Rome, 1978. Chiara, jeune terroriste engagée dans la lutte armée, est impliquée dans l'enlèvement et la séquestration d'Aldo Moro. En contrepoint, elle mène une vie au grand jour, un quotidien ordinaire : le boulot, les collègues de bureau et un petit ami qui semble la connaître si bien, si pleinement mieux qu'elle-même.
Bellocchio était probablement conscient du piège dans lequel
il s'enfermait en acceptant ce film de commande où l'Histoire est déjà
jouée. Son film travaille les trois plans du réel, de l'imaginaire
et du symbolique pour donner de l'épaisseur à un scénario
finalement bien léger qui raconte la préparation de l'enlèvement
d'Aldo Moro qui eu lieu le 16 mars 1978, jusqu'au matin de l'exécution
le 9 mai.
La réalité des années 70 est rendue par les archives
télévisuelles abondement utilisée pour décrire
l'enlèvement, les réactions de la classe politique aussi bien
que l'état social de l'époque : la télévision-paillettes
ou l'approbation par les classes populaires de la condamnation du terrorisme
par les dirigeants du pays. Quelques détails réalistes viennent
aussi soutenir l'attention : les livres éparses, au début, qui
servent à remplir la bibliothèque avec porte secrète
pour le prisonnier ou les séances d'UV et l'alliance que Chiara s'impose
pour faire croire qu'elle est partie en vacances et qu'elle est mariée.

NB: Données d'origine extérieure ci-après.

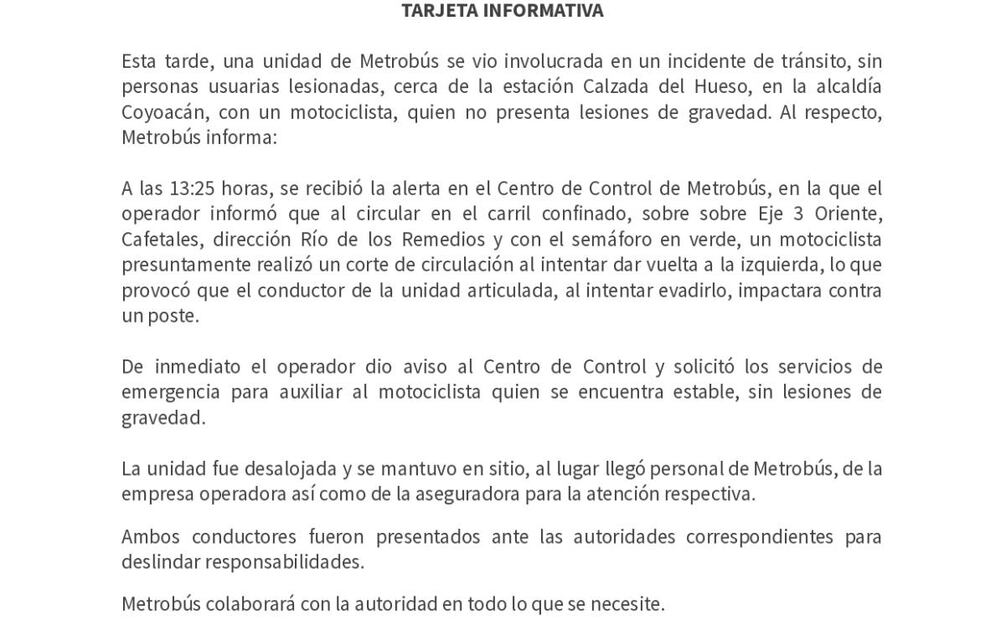 Comunicado del Metrobús (24/06/2025). Foto: Captura de pantalla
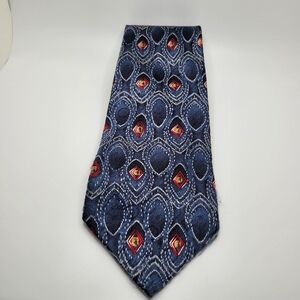 Stafford Blue Red Geometric 100% Silk Men's Tie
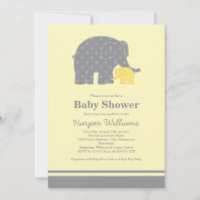 Chuva de Elefante Bebê Mãe Amarelo Pontos Cinza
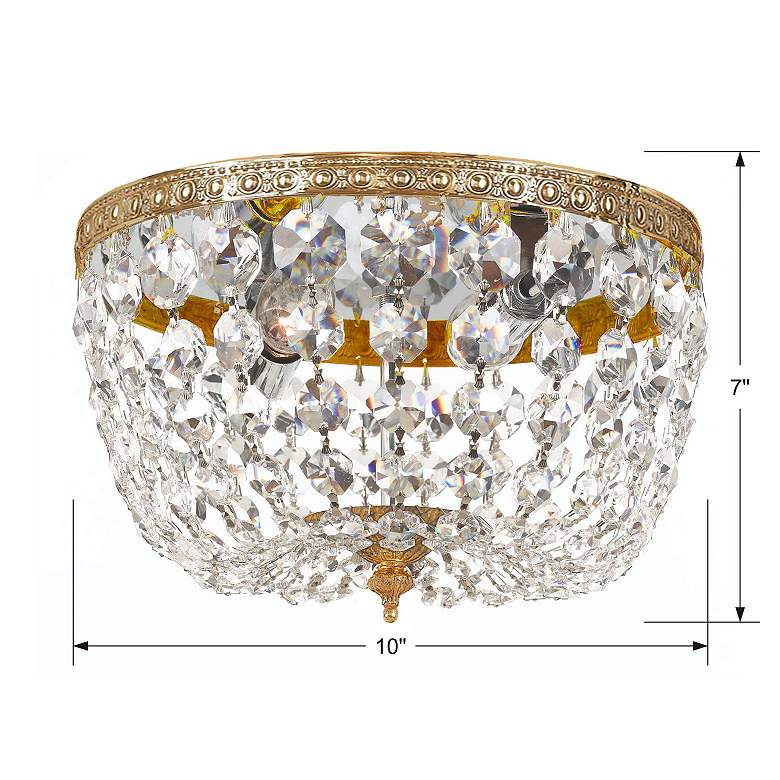 Image 6 Crystorama Basket Crystal 10" Wide Brass Ceiling Light more views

La partie symbolique est fort bien résumée par Paolo Casseta (1) :
"Le film suit le schéma de la tragédie, posant la question éthique centrale à toute révolution : est-il permis d'utiliser la violence pour instaurer la justice, donner al mort à l'ennemi du peuple n'est -il pas le poison qui corrompt et tue la révolution en inversant le but de ses aspirations ? Mais la tragédie de Buongiorno, notte est sans consistance, les figures dramatiques sont ternes et fonctionnelles, elles s'inscrivent dans un schéma moral préconçu. Les grandes idéologies, parvenues au terme du XXème siècle s'y incarnent dans le fanatisme bouffi d'orgueil des brigadistes, eux-mêmes dépeints comme un "groupe familial dans un appartement". L'acte d'accusation final contre la classe dirigeante de l'époque, qui refuse de négocier la libération de son leader au nom de la raison d'Etat, non seulement ne modifie pas le but de l'opération mais au contraire le confirme". (Les cahiers du cinéma n°587, février 2004).
Tout aussi naïf est l'utilisation de la métaphore des canaris où l'intrusion de la voisine avec son bébé, épisode qui marque le début de la déstabilisation de Chiara.

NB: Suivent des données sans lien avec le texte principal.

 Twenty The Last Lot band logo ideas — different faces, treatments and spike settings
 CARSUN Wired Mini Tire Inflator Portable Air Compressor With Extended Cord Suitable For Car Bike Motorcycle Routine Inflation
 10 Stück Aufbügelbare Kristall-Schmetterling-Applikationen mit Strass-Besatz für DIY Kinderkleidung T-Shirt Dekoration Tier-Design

A la frontière du réel et du symbolique le choix d'espaces qui ne s'interpénètrent pas : les terroristes rentent dans l'appartement sans communication avec le monde autre que la télévision, les journaux et les rapports de Chiara. Le monde réel qui n'existe que par la télévision.

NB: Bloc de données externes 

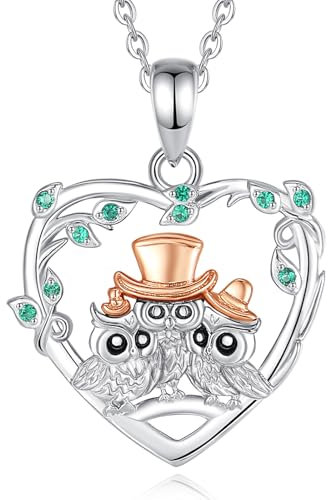 EUDORA Harmony Ball Collier Hibou Mère Maman pour Femme en Argent Sterling S925, Mère Hibou et Deux Petits Hiboux Pendentif cœur D'amour Maternel, Bijoux Cadeaux pour Mère Fille Maman, 45,7 cm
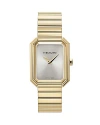 Ferragamo Crystal Watch, 27mm X 34mm In Silver/gold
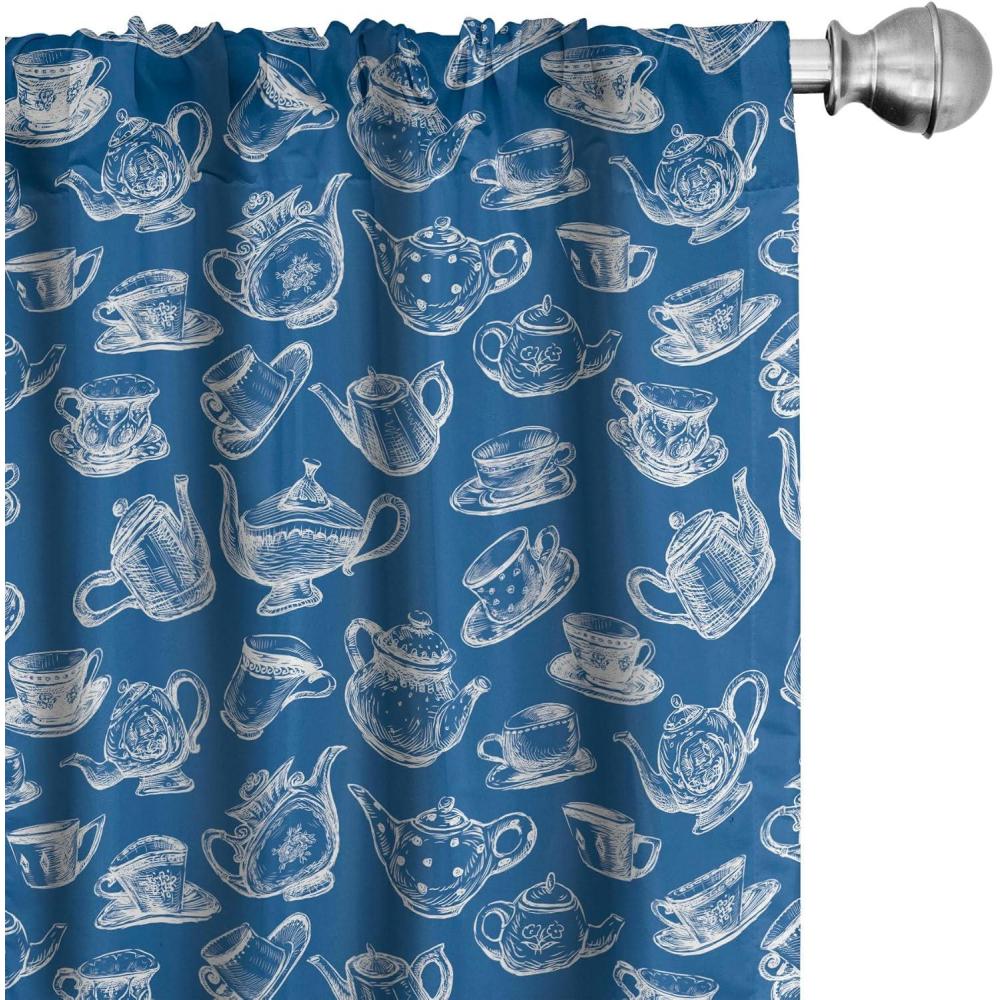 imageAmbesonne Bohemian Curtains Hexagons Floral Botany Art in Cold Colors Ocean and Nature Tones Window Treatments 2 Panel Set for Living Room Bedroom Pair of  28quot x 95quot Teal Green and Sea BlueCobalt Blue and White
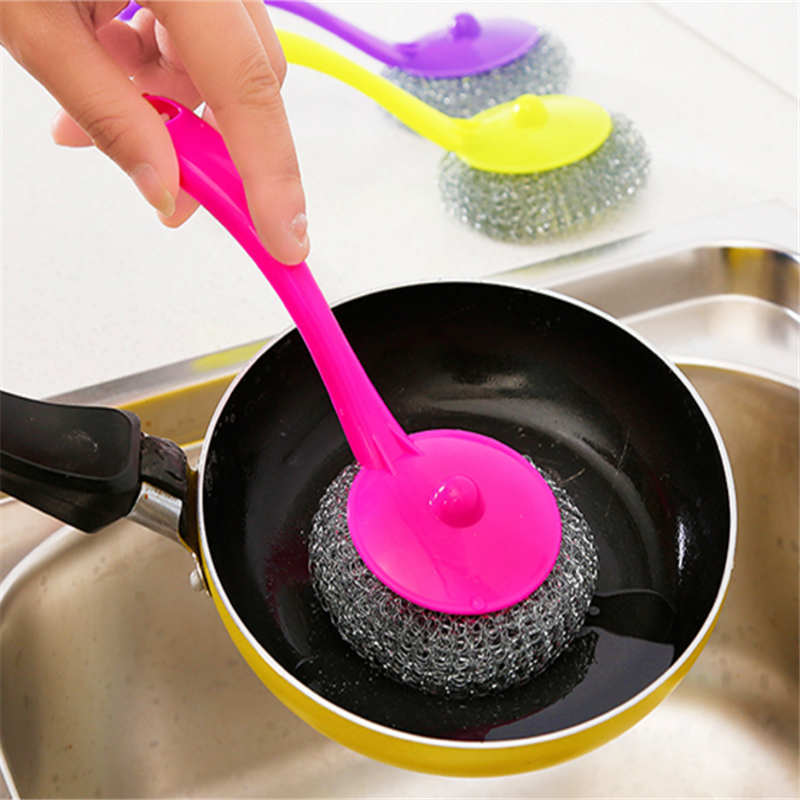 Kitchen brush Cleaning brush Long handle brush wash pot wash pot brush steel ball pot wash dish brush Creative gifts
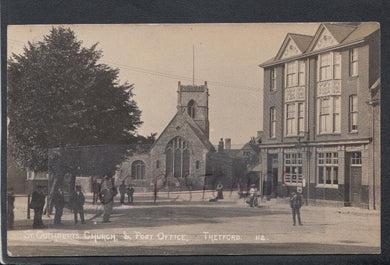 Norfolk Postcard - St Cuthberts Church & Post Office, Thetford - Mo’s Postcards 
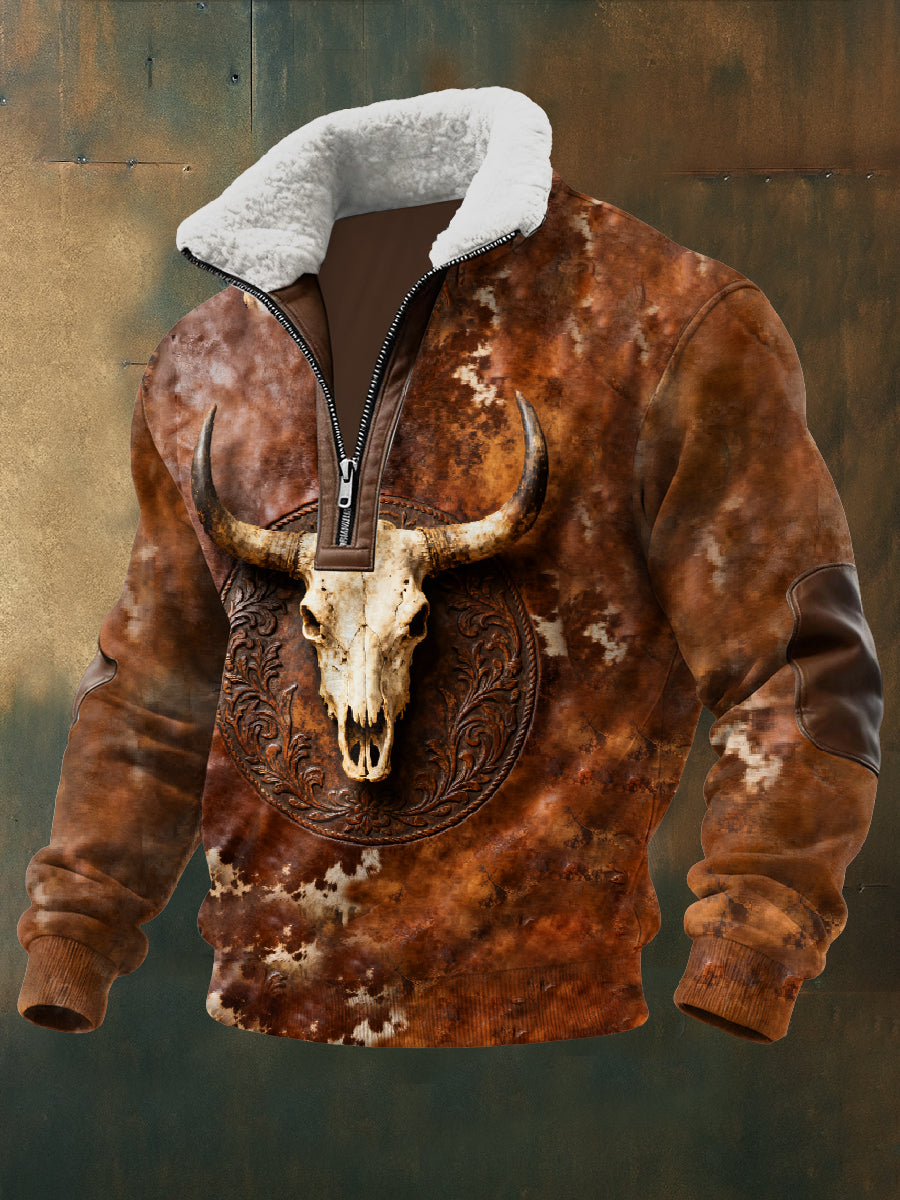 Retro western cow skull print casual sweatshirt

C'est sur le travail de l'imaginaire que Bellocchio se montre le plus inventif. En introduisant dans la sacoche d'Aldo Moro le scénario de Buorgiono, note qui se révélera ensuite être écrit par le collègue fonctionnaire écrivain et amoureux de Chiara, il indique que la fiction peut faire dérailler la réalité, semblable en cela au désir de Chiara. Du moins c'est ce qu'espère nous faire croire Anna L Braghetti qui a rédigé (Le prisonnier - 55 jours avec Aldo Moro-Denoël) dont s'est inspiré Bellocchio pour son personnage féminin. Les rêves de Chiara (le banc de Lenine en exil, son retour triomphal, le regard bienveillant de Staline sur les jeunesses communistes, la mise en parallèle des martyrs de la liberté et de l'exécution probable d'Aldo Moro).
(1) Paolo Cassetta est né à Rome en 1961. Militant des brigades rouges (sans avoir joué aucun rôle dans l'affaire Moro), ni repenti ni "dissocié", il a été condamné à trente ans de prison. Soumis à un régime de semi-liberté, il enseigne la philosophie à La Sapienza de Rome.